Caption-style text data
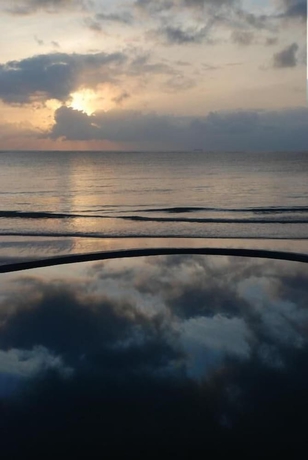 Imagen de la piscina del Hotel Kusini Beach Cottages. Foto 17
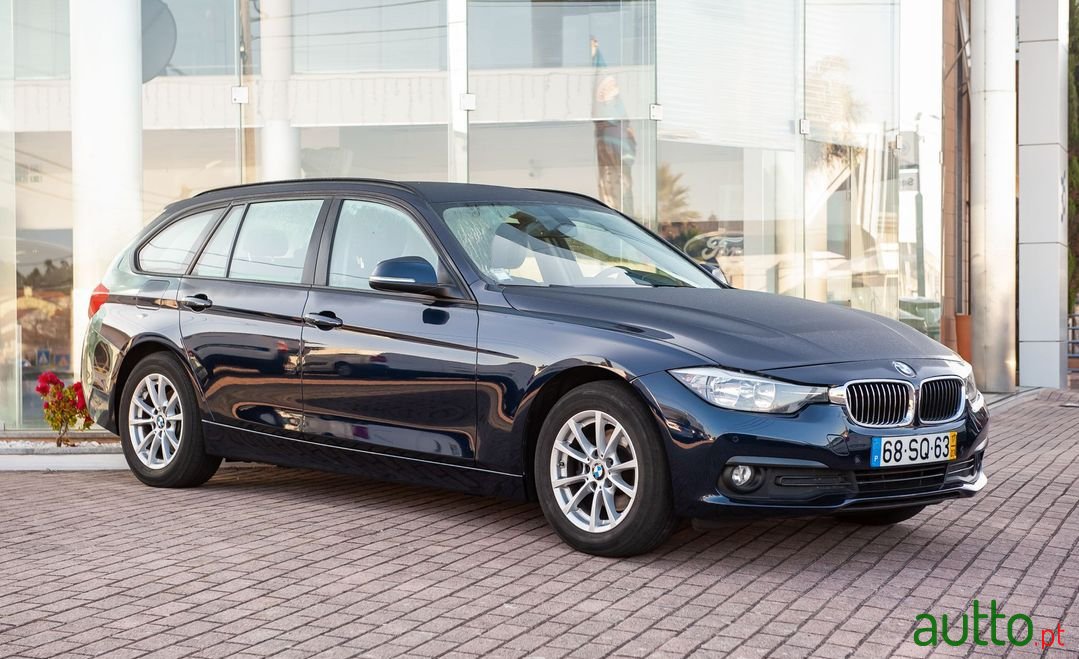 2017' BMW 318 photo #1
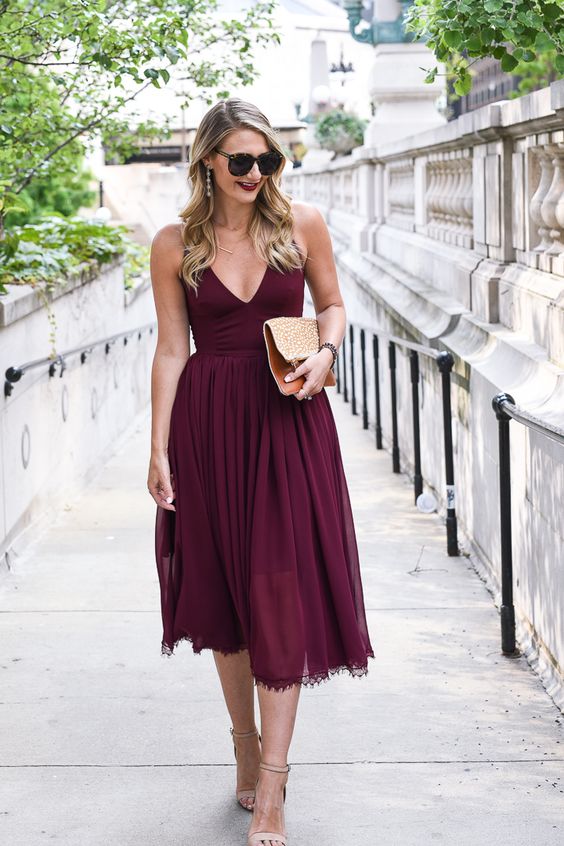 lady-red-cocktail-dress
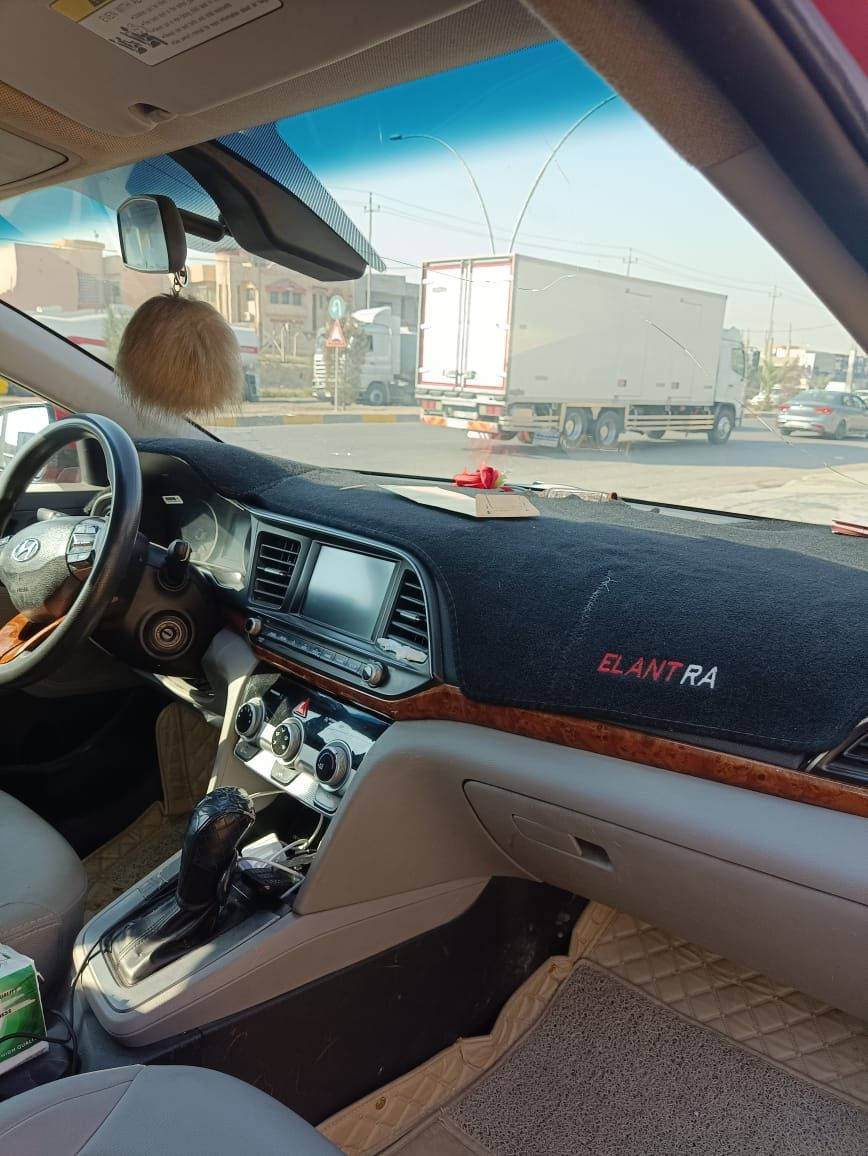 للبيع النترا لون احمر موديل ٢٠١٩ وارد امريكي محرك ٢٠٠٠كير ايتي ..بونيد مبدل السيارة باسمي نينوى مشروع وطني السعر بالاتصال ....***********
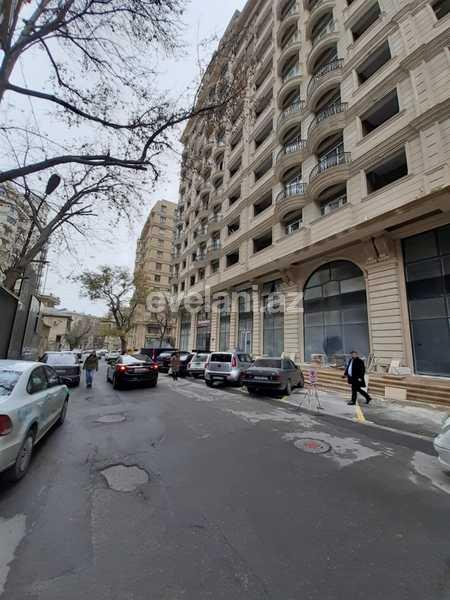 Satılır, yeni tikili, 2 otaqlı, 90 m², Bakı, Səbail r, İçəri Şəhər m.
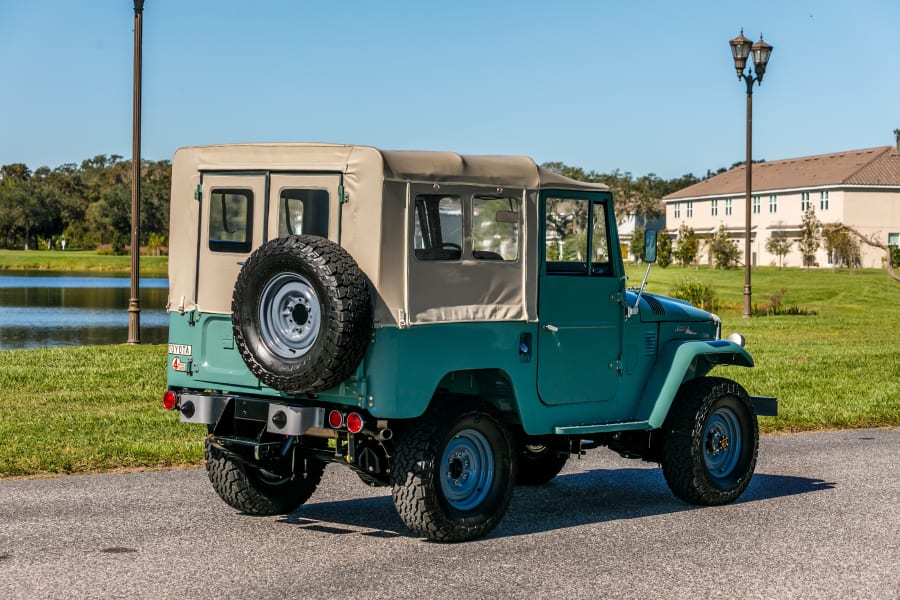 1968 Toyota FJ-40 Land Cruiser For Sale At Auction - Mecum Auctions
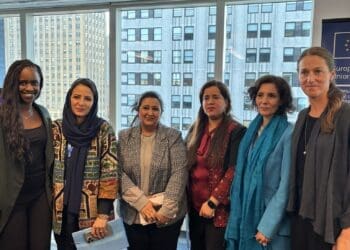 کمیشنر اتحادیه‌ی‌ اروپا: از مبارزه‌ی زنان افغانستان حمایت می‌کنیم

*Exercise:* Return the entries unchanged, save for the pictures, which do not belong in the copy.

*Result of the exercise:*
 Imagen de la piscina del Hotel Kusini Beach Cottages. Foto 17
 2017' BMW 318 photo #1
 lady-red-cocktail-dress
 للبيع النترا لون احمر موديل ٢٠١٩ وارد امريكي محرك ٢٠٠٠كير ايتي ..بونيد مبدل السيارة باسمي نينوى مشروع وطني السعر بالاتصال ....***********
 Satılır, yeni tikili, 2 otaqlı, 90 m², Bakı, Səbail r, İçəri Şəhər m.
 1968 Toyota FJ-40 Land Cruiser For Sale At Auction - Mecum Auctions
 کمیشنر اتحادیه‌ی‌ اروپا: از مبارزه‌ی زنان افغانستان حمایت می‌کنیم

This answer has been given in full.